Task statement: Every record below should be printed exactly, except for the pictures.

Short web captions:
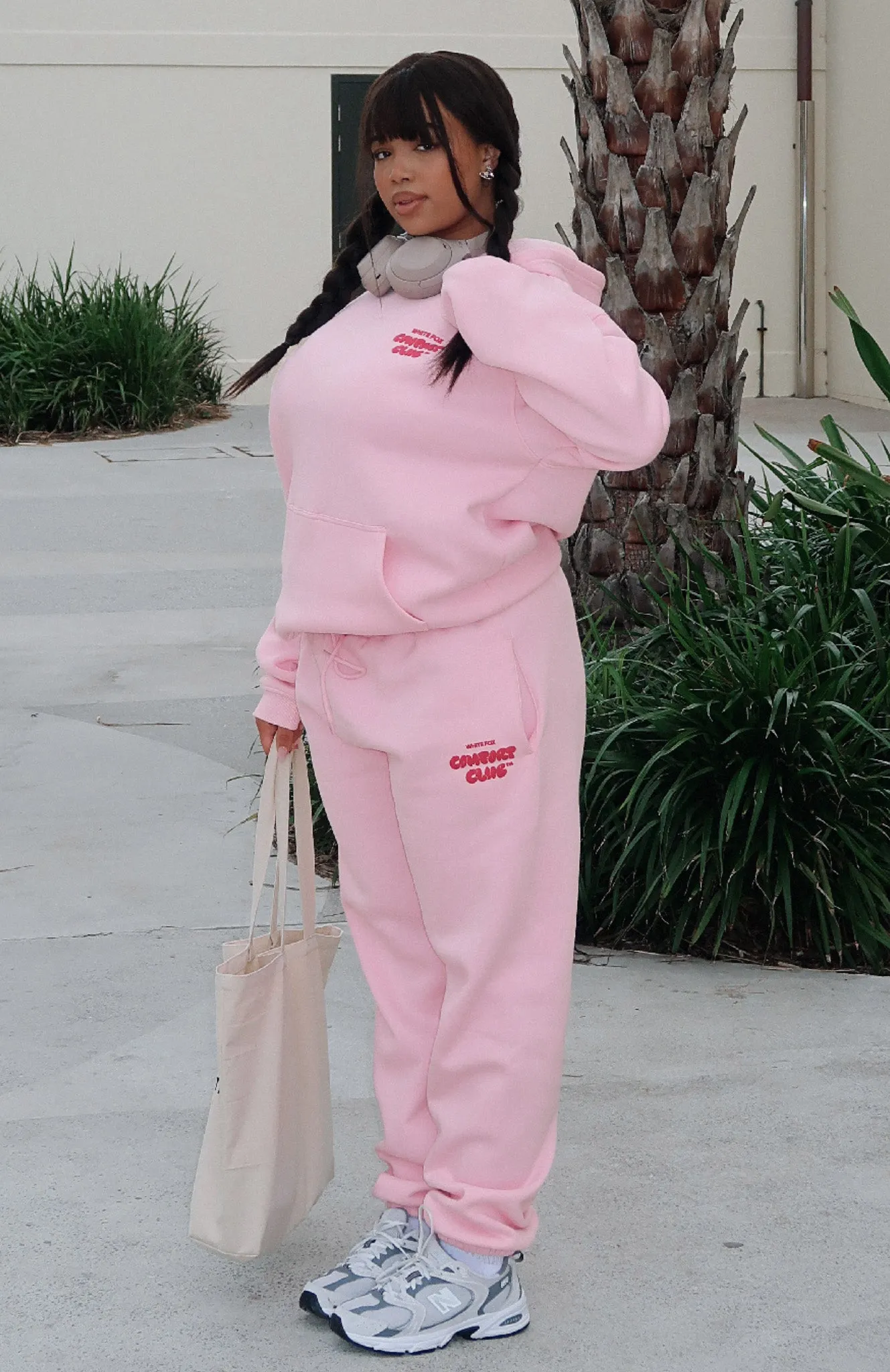 Comfort Club Sweatpants Bon Bon Adjustable drawstring Streetwear vibe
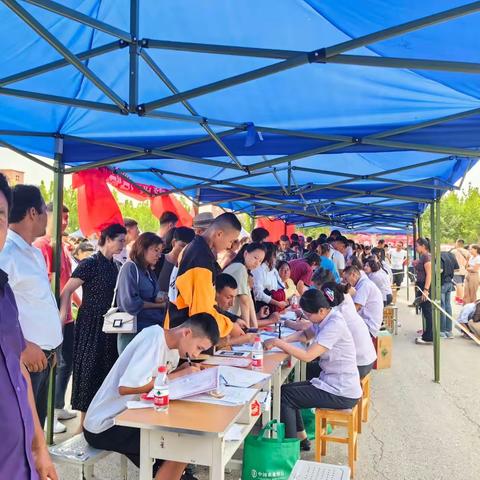 温宿支行开展金融服务进校园，助力金秋开学季活动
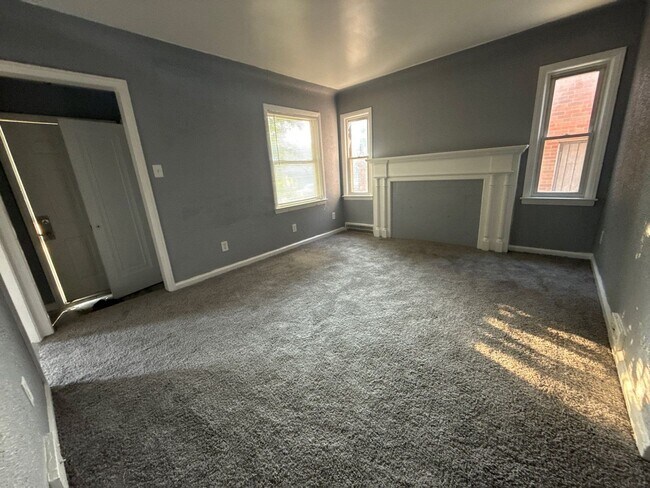 Building Photo - 3 Bedroom Home In Detroit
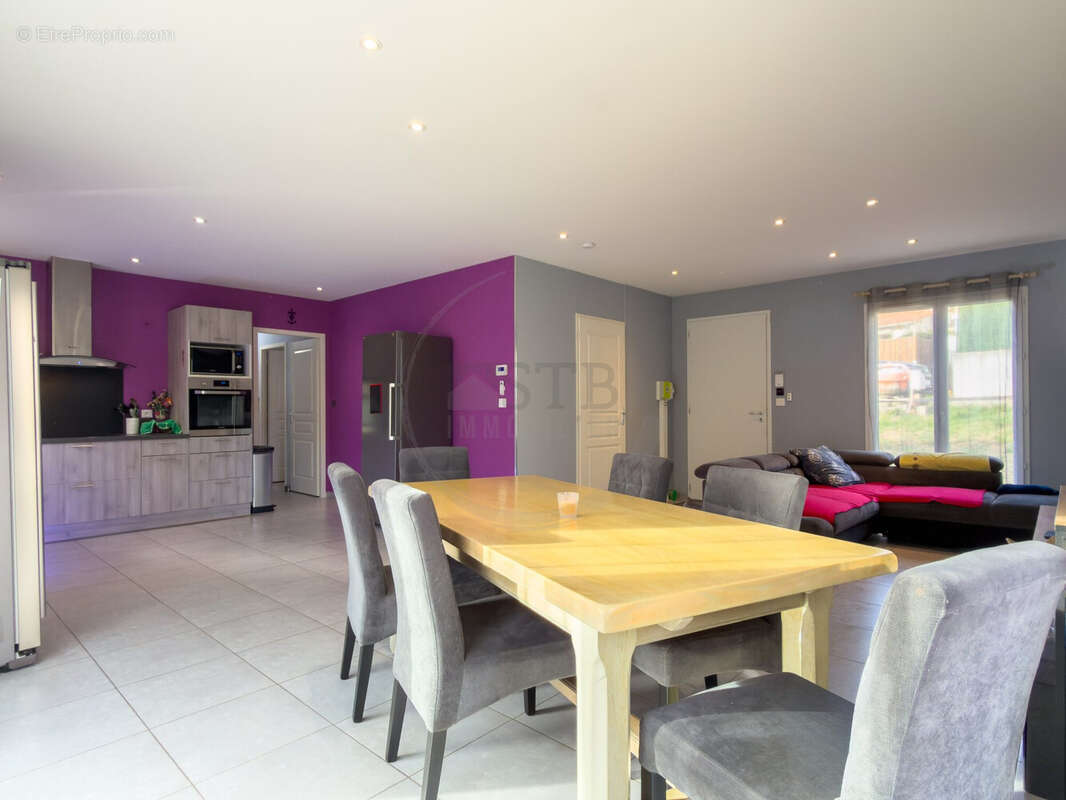 Maison à SAINT-JULIEN-EN-SAINT-ALBAN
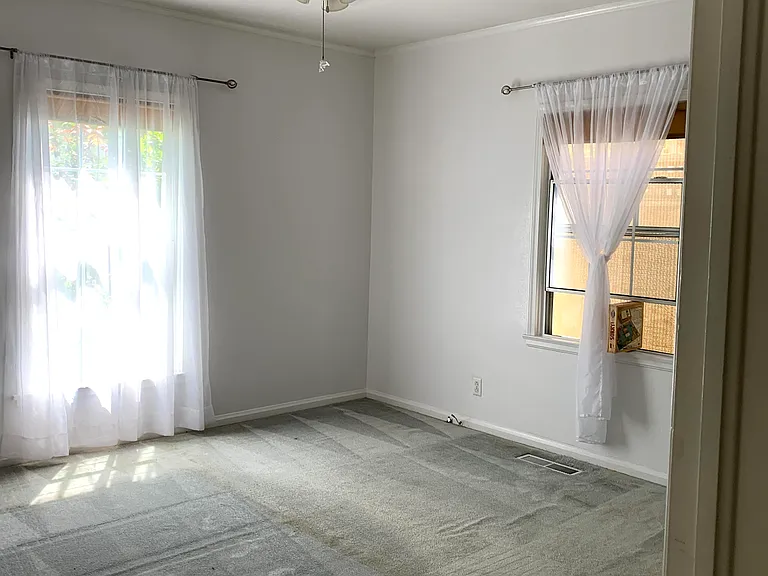 1111 W Elm St — Photo 6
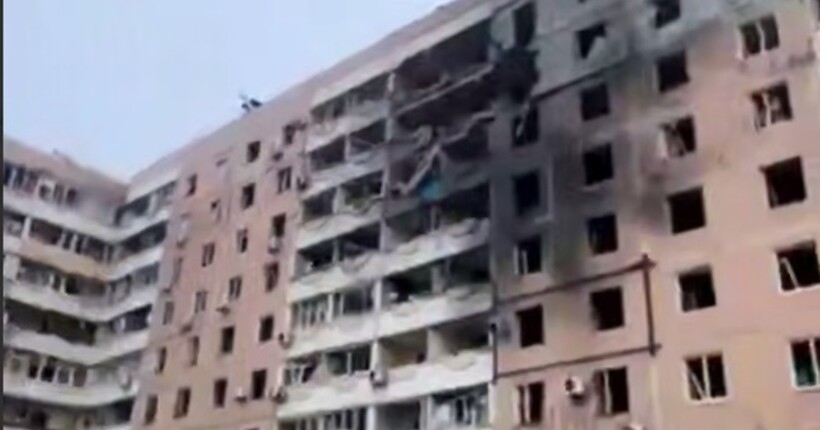 Окупанти вдарили по Запоріжжю: прилетіло по багатоповерхівці і обʼєкту інфраструктури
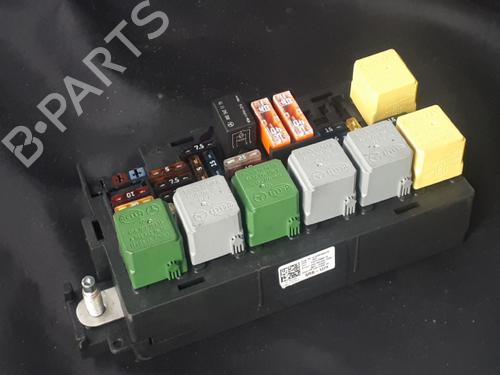 Used Fuse box Fuse box 38904339 38904339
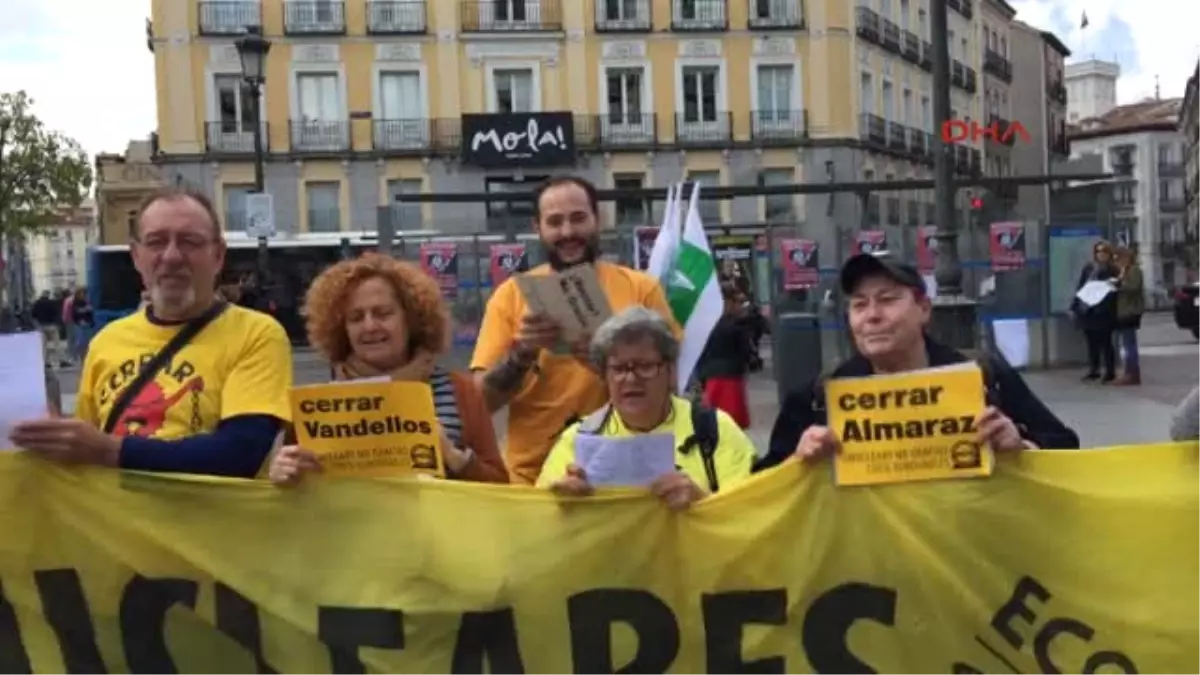 Çernobil\'in Yıldönümünde Nükleere Şarkılı Protesto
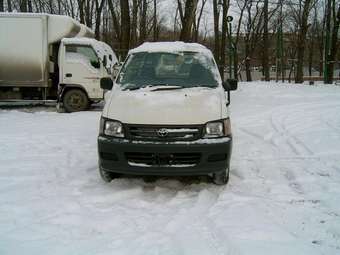 2005 Toyota Town Ace Noah Pics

Answer to this problem:
 Comfort Club Sweatpants Bon Bon Adjustable drawstring Streetwear vibe
 温宿支行开展金融服务进校园，助力金秋开学季活动
 Building Photo - 3 Bedroom Home In Detroit
 Maison à SAINT-JULIEN-EN-SAINT-ALBAN
 1111 W Elm St — Photo 6
 Окупанти вдарили по Запоріжжю: прилетіло по багатоповерхівці і обʼєкту інфраструктури
 Used Fuse box Fuse box 38904339 38904339
 Çernobil\'in Yıldönümünde Nükleere Şarkılı Protesto
 2005 Toyota Town Ace Noah Pics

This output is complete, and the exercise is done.